Le virus de l’hépatite C a été découvert en 1989 par une approche de biologie moléculaire,
impliquant des étapes de clonage et de séquençage. Ce n’est qu’en 2005 que les
scientifiques ont enfin cultivé le virus, dans une lignée de cellules cancéreuses du foie
appelée Huh7. Ces travaux ont permis une meilleure compréhension des différentes étapes
du cycle de multiplication du virus de l’hépatite C. Cependant ce modèle reste fortement
limité car il s’éloigne de la physiologie normale des cellules du foie par de nombreux
aspects, notamment l’absence ou le très faible métabolisme des drogues dont l’alcool et les
médicaments. Cela est d’autant plus problématique au vu du retrait récent de plusieurs
nouveaux médicaments antiviraux par ailleurs prometteurs suite à la constatation de leur
toxicité lors des essais cliniques – toxicité qui n’avait pas pu être anticipée in vitro.
Afin d’obtenir un modèle cellulaire le plus proche de l’in vivo, Philippe Podevin et Arnaud
Carpentier de l’équipe « Virologie de l'Hépatite C » de l’Université Paris Descartes ont utilisé
des cellules hépatiques primaires humaines. Après infection de la culture cellulaire par le
virus de l’hépatite C, les scientifiques ont observé le cycle complet du virus et démontré
l’importance de ce modèle par rapport à celui de la lignée cellulaire Huh7. En effet, des
composants du sang qui sont normalement produits par le foie, tels que l’albumine et les
transporteurs du cholestérol ou VLDL (lipoprotéines de très basse densité), sont sécrétés
par les hépatocytes humains primaires mais peu ou pas par les cellules Huh7. De plus,
« contrairement aux particules virales sortant des cellules Huh7, les particules virales
sortant des hépatocytes humains primaires sont associées aux VLDL comme cela est le cas
chez les malades atteints d’hépatite C », explique Arielle Rosenberg, maître de conférences
à l’Université Paris Descartes et médecin virologiste à l’hôpital Cochin.
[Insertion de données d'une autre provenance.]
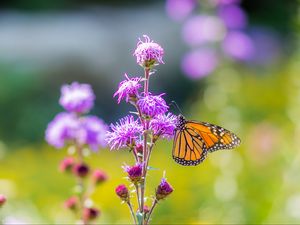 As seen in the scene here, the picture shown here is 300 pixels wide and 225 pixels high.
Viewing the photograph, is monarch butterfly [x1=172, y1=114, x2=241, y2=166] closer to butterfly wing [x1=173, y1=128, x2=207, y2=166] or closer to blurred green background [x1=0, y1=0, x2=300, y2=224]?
butterfly wing [x1=173, y1=128, x2=207, y2=166]

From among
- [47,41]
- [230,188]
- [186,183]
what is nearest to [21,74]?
[47,41]

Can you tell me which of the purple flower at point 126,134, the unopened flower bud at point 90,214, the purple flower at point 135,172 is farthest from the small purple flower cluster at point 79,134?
the purple flower at point 135,172

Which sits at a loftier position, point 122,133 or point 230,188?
point 230,188

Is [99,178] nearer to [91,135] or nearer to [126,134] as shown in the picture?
[91,135]

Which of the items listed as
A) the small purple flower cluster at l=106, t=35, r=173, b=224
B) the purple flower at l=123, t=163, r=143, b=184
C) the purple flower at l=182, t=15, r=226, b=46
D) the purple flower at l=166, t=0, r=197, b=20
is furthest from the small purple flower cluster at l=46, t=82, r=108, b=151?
the purple flower at l=166, t=0, r=197, b=20

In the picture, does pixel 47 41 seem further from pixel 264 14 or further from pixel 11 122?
pixel 264 14

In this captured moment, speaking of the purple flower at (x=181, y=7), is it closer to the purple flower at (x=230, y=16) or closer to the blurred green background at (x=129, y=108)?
the purple flower at (x=230, y=16) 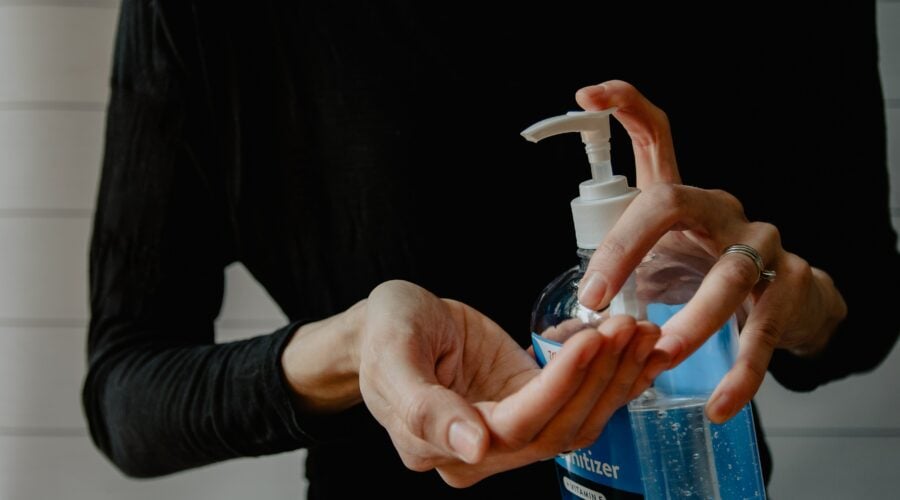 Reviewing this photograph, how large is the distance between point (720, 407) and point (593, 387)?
8 centimetres

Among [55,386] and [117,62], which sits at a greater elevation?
[117,62]

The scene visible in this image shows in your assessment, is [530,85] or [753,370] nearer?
[753,370]

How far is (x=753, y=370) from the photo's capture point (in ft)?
1.23

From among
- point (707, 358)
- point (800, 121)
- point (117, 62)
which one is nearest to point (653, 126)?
point (707, 358)

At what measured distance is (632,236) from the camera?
369 mm

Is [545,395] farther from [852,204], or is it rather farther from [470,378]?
[852,204]

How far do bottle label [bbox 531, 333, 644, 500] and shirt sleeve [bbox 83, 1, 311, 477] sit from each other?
0.79 feet

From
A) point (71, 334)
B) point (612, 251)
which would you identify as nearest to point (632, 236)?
point (612, 251)

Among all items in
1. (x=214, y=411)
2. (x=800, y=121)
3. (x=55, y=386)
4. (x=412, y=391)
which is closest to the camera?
(x=412, y=391)

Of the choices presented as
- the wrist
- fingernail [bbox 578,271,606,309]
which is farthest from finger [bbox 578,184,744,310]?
the wrist

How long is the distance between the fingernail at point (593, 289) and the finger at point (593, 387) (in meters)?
0.05

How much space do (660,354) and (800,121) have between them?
0.41 m

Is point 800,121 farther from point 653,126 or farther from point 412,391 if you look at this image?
point 412,391

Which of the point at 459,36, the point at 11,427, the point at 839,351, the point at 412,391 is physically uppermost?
the point at 459,36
Grâce à ces recherches, il sera possible de réaliser une ultime validation in vitro des
médicaments contre l’hépatite C avant les essais cliniques. Les effets couplés de l’hépatite C
et de l’alcool pourront également être étudiés ; ce phénomène est fréquent dans la
population française et aboutit à des complications sévères. Enfin, ce modèle pourra être
utilisé afin de tester des prodrogues, c'est-à-dire des molécules inactives qui, une fois
métabolisées par le foie, libéreront le médicament in situ. Deux avantages à cette
technique : un meilleur ciblage des cellules infectées et la réduction des effets secondaires,
puisque la molécule ne devient active que dans le foie.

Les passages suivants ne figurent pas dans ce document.